**WHAT TO DO:** Look through the data below for the line with "Veste courte en" and the line with "Sacola Para Presentes", then transcribe exactly from the first through the second, leaving out all pictures.
EXCERPTED DATA START
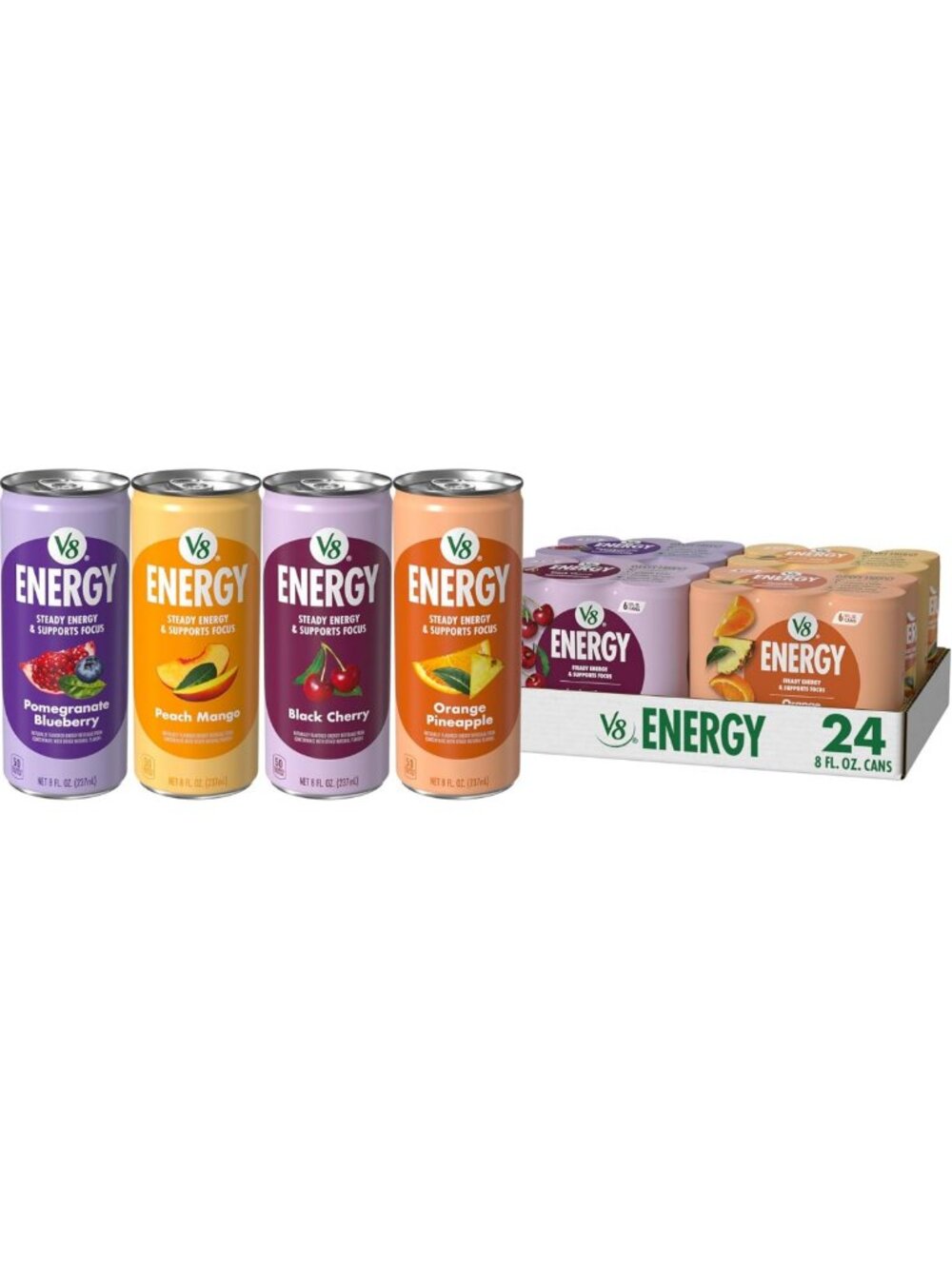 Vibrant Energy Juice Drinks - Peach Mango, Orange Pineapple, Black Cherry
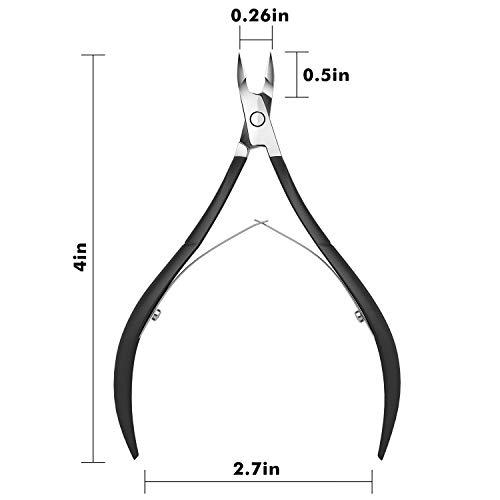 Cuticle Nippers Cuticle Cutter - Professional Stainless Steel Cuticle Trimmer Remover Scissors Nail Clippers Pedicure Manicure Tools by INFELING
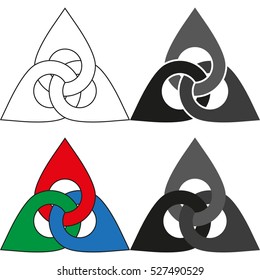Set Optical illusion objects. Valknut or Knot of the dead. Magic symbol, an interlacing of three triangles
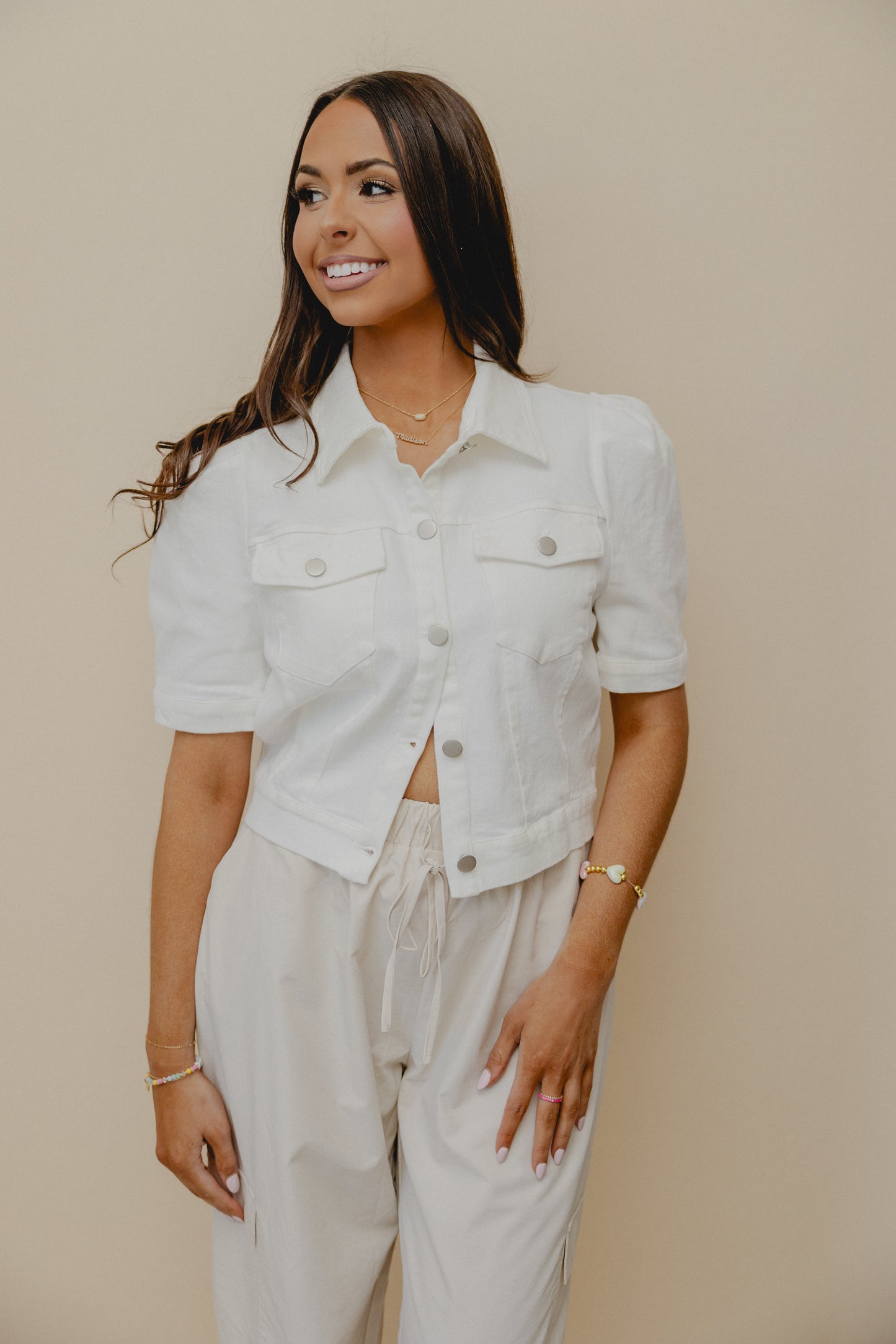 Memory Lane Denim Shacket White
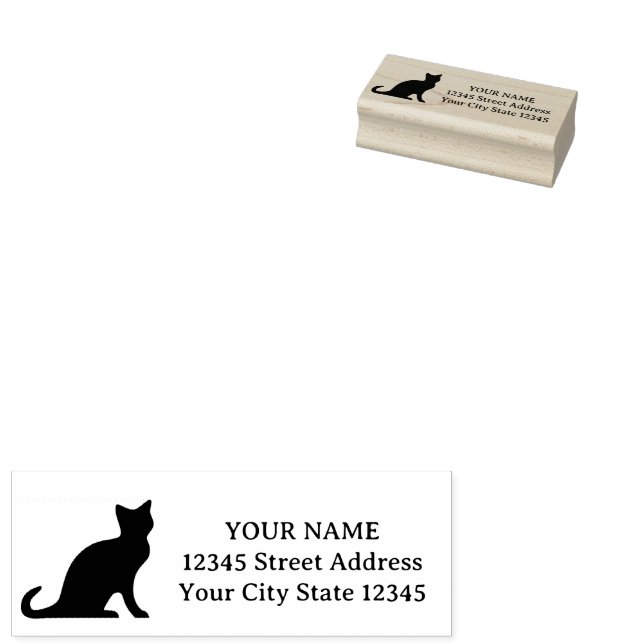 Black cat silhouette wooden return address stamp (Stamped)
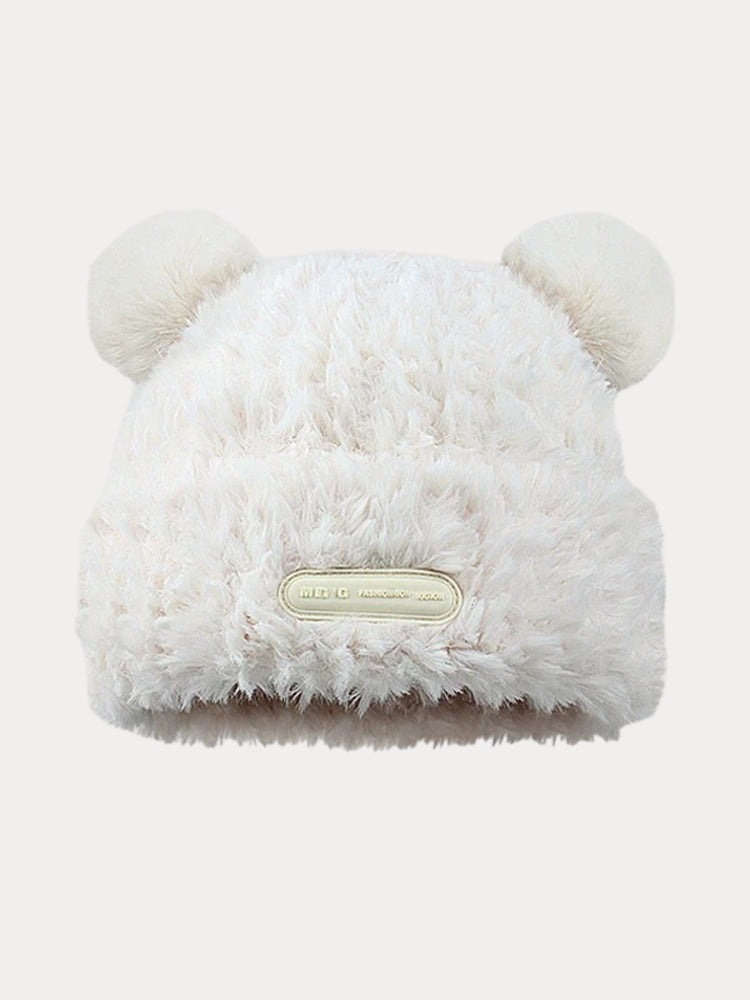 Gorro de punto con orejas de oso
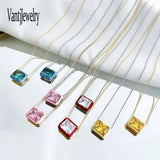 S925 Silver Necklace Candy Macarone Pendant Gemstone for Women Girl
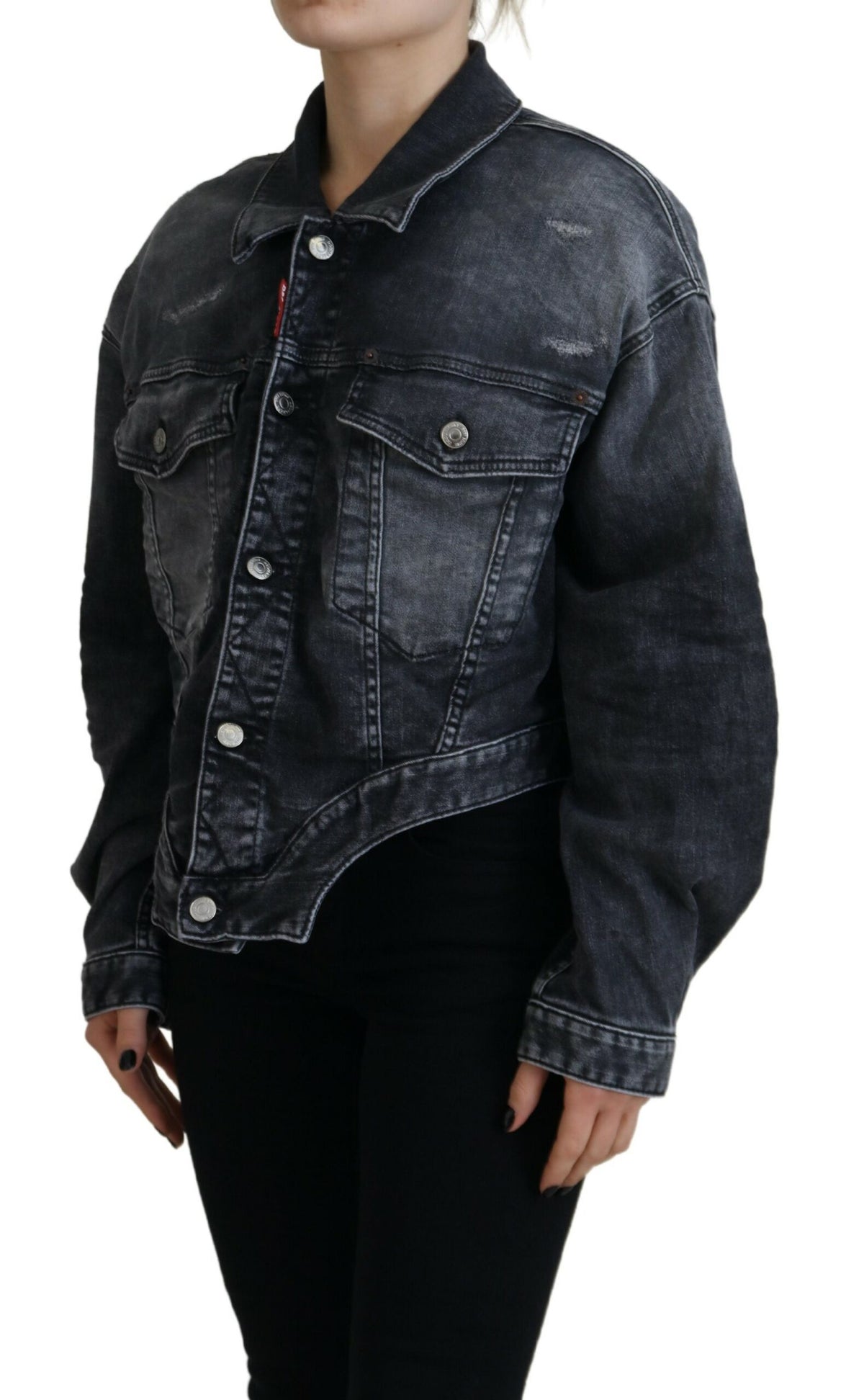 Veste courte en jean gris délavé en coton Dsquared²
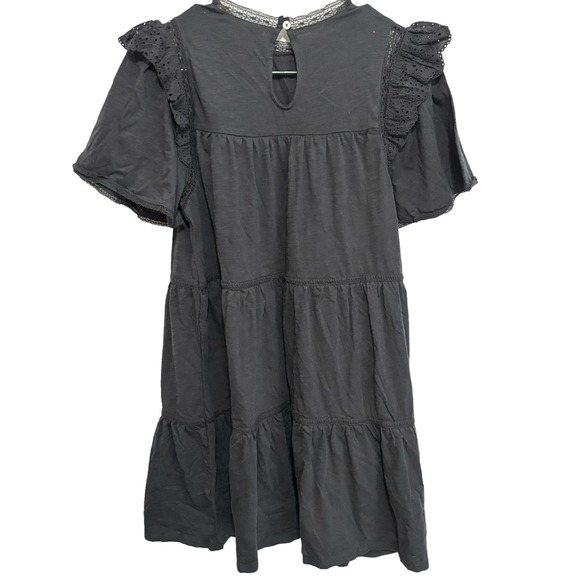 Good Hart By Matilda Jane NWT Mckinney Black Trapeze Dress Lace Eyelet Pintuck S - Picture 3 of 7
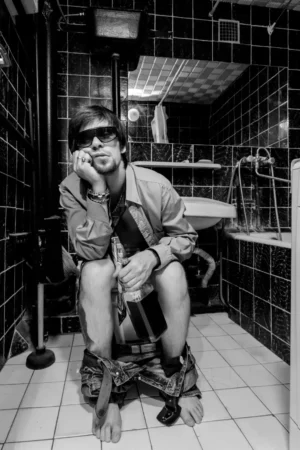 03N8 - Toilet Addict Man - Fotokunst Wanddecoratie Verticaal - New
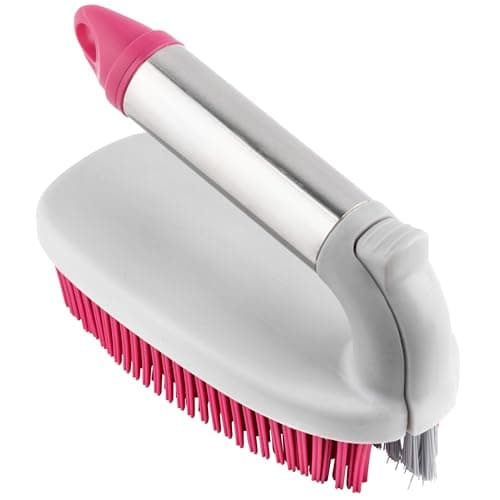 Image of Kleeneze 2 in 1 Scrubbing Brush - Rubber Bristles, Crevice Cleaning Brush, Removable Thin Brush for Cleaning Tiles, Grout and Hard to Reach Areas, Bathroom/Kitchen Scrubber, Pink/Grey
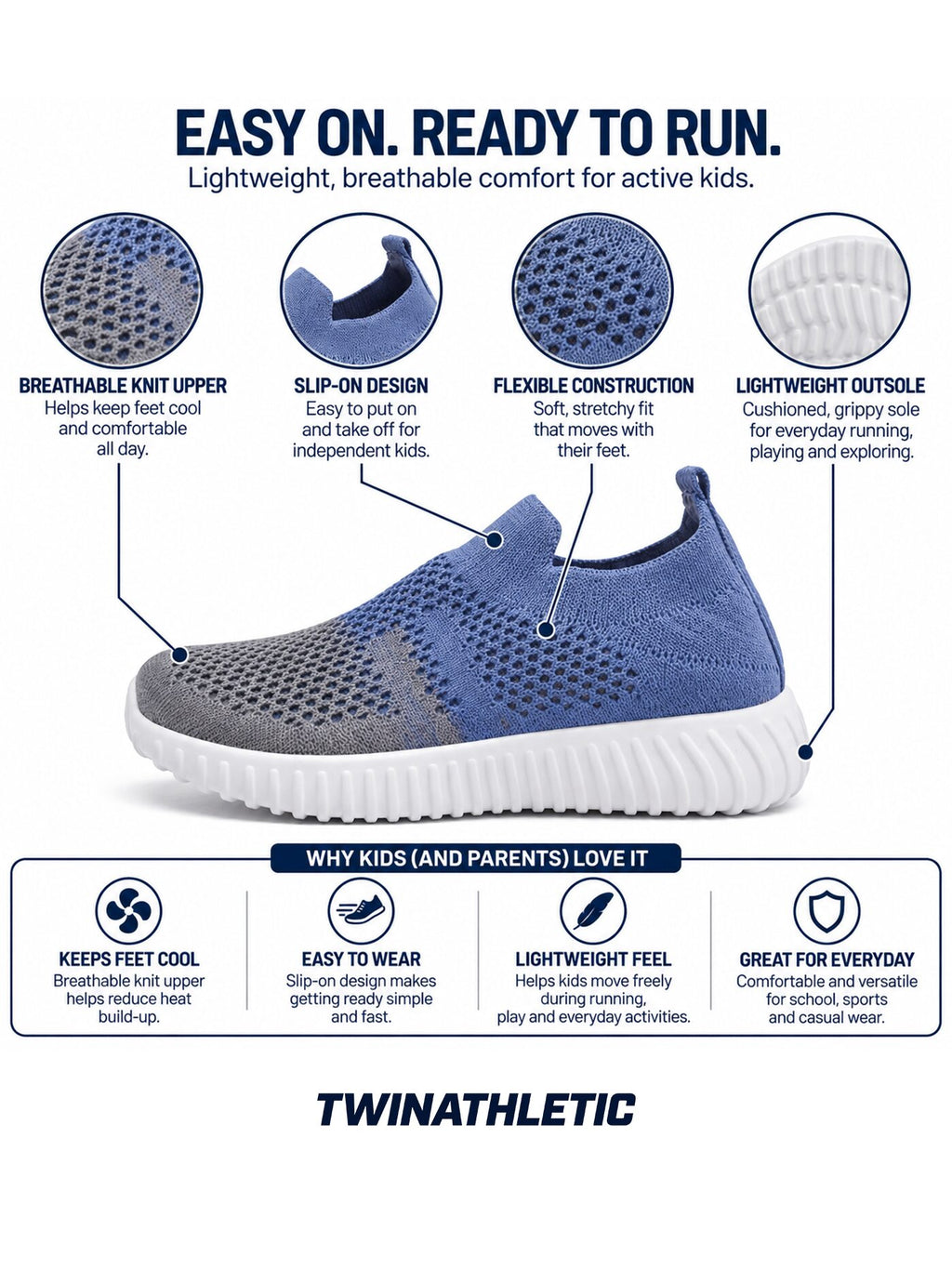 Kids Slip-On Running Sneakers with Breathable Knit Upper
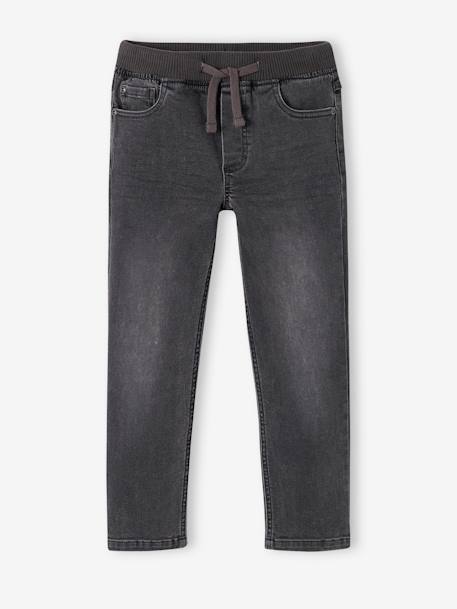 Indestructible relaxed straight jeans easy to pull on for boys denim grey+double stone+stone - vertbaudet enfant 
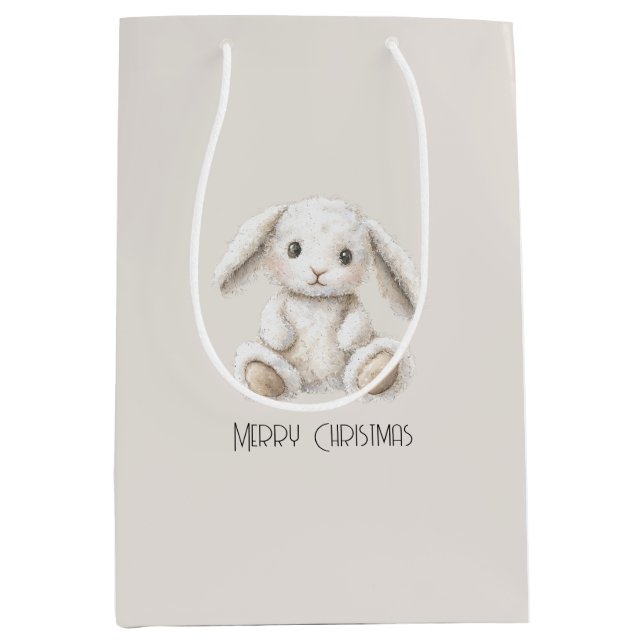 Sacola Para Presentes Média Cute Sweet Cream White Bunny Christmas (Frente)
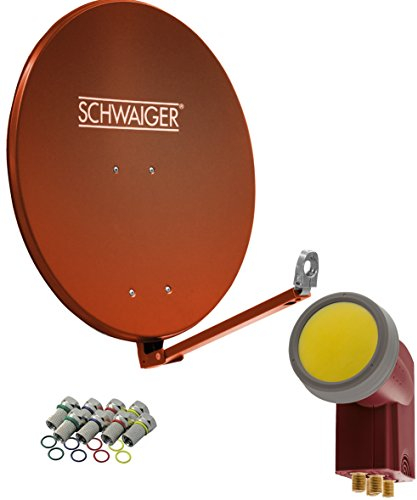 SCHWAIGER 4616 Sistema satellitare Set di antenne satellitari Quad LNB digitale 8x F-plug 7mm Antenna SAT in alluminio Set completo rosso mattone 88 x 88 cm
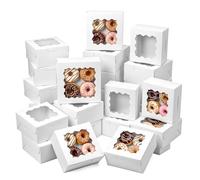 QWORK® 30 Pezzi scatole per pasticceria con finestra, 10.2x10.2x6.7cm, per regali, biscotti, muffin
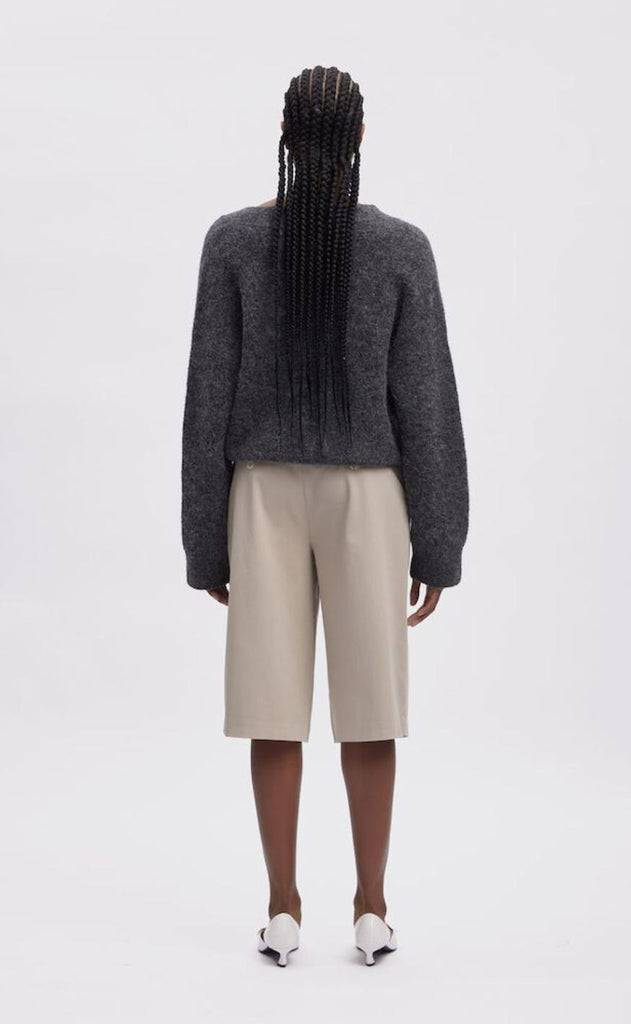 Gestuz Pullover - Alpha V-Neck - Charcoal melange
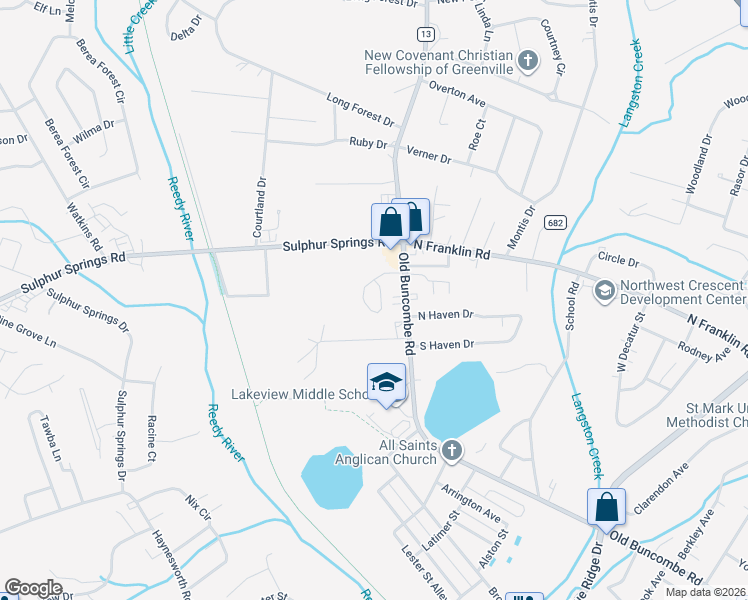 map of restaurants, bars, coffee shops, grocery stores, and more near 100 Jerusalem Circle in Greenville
EXCERPTED DATA END
**ANSWER TO THIS PROBLEM:**
 Veste courte en jean gris délavé en coton Dsquared²
 Good Hart By Matilda Jane NWT Mckinney Black Trapeze Dress Lace Eyelet Pintuck S - Picture 3 of 7
 03N8 - Toilet Addict Man - Fotokunst Wanddecoratie Verticaal - New
 Image of Kleeneze 2 in 1 Scrubbing Brush - Rubber Bristles, Crevice Cleaning Brush, Removable Thin Brush for Cleaning Tiles, Grout and Hard to Reach Areas, Bathroom/Kitchen Scrubber, Pink/Grey
 Kids Slip-On Running Sneakers with Breathable Knit Upper
 Indestructible relaxed straight jeans easy to pull on for boys denim grey+double stone+stone - vertbaudet enfant 
 Sacola Para Presentes Média Cute Sweet Cream White Bunny Christmas (Frente)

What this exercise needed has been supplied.